Just being a good cause, alone, is not enough. Ultimately, the E-rate is such a strong program because of its fundamental architecture. It is built from four solid principles that combine to create a powerful and resilient structure.
- Paying discounts
- Making local decisions
- Encouraging competition
- Supporting outcomes
Applicants who are new to the E-rate program quickly discover that it’s structure is unique. This is not a grant program. It is a discount program. That simple distinction makes a world of difference. Applicants have a greater incentive to make cost-effective decisions and to only purchase the goods and services that meet their most pressing needs. This guards against waste, fraud and abuse and helps insure that program dollars are directed where they are needed most. Furthermore, because discounts can vary, more E-rate dollars can be targeted towards the communities that need them the most.
Making Local Decisions
Most state and federal programs come with giant strings attached, along with priorities that are mandated from the Governor’s Mansion or the White House. The E-rate is the rarest of programs: it lets local decision makers make local decisions. School district and library leaders can assess their local needs and make local planning decisions based on what will serve their local constituents best. This means that E-rate dollars are invested where local leaders need them, not just where the state or federal government tells them they must go.
From its inception, the E-rate program has been all about driving competition. It hardly seems revolutionary now, but twenty years ago it was unique for vendors to have a single stop source of opportunities. Instead of requiring vendors to individually contact 25,000 applicants, the E-rate marketplace provides them with a single point of entry to support K-12 schools and library systems. This helps level the playing field between large and small service providers, lowers prices, and opens the door for new technologies.
The E-rate program’s eligible services framework is simple: provide discounts for “the stuff” required to connect students and library patrons to the Internet. The means of achieving that outcome has changed dramatically over the years. (For example, there was no such thing as Wi-Fi the first year of the E-rate program.) By focusing on the outcome, rather than a requirement that applicants use X technology or Y vendor, the E-rate has remained, and will continue to remain, relevant for many years.

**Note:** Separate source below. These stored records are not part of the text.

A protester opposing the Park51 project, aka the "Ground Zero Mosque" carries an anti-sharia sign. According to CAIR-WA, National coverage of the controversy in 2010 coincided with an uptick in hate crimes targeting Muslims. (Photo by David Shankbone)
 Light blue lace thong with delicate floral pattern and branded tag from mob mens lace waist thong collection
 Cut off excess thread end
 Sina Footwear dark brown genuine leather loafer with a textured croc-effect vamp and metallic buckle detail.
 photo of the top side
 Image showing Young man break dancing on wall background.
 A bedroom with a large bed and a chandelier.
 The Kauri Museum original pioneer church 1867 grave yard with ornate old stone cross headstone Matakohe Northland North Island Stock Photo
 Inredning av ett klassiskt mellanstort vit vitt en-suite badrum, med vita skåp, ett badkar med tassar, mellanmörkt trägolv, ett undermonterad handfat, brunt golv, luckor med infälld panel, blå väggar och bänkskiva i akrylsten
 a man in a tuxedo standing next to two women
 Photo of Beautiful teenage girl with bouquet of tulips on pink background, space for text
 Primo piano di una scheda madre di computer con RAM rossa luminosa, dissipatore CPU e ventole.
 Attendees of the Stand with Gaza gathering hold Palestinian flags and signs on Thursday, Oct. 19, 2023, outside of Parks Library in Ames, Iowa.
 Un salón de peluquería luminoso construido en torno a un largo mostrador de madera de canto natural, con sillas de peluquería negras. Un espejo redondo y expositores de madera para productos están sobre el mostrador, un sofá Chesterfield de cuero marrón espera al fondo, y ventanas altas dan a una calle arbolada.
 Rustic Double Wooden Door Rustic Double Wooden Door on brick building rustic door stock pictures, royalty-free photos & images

The E-rate is transforming our communities for the better by providing broadband Internet into our schools and libraries. As we look towards the future of the E-rate program, let us remain focused on the great framework with which we get to work. The use of discounts guards against excessive spending, while varying the discount rates provides extra support to those who need it the most. Local decision making eliminates one-size-fits-all Washington, DC, decisions, and directs the dollars to where they will have the greatest impact. Finally, competition and a focus on outcomes encourages new solutions and better prices so that everyone truly wins.
Certainly, the E-rate program is not without its challenges, but the fundamental nature of the program remains as strong as ever.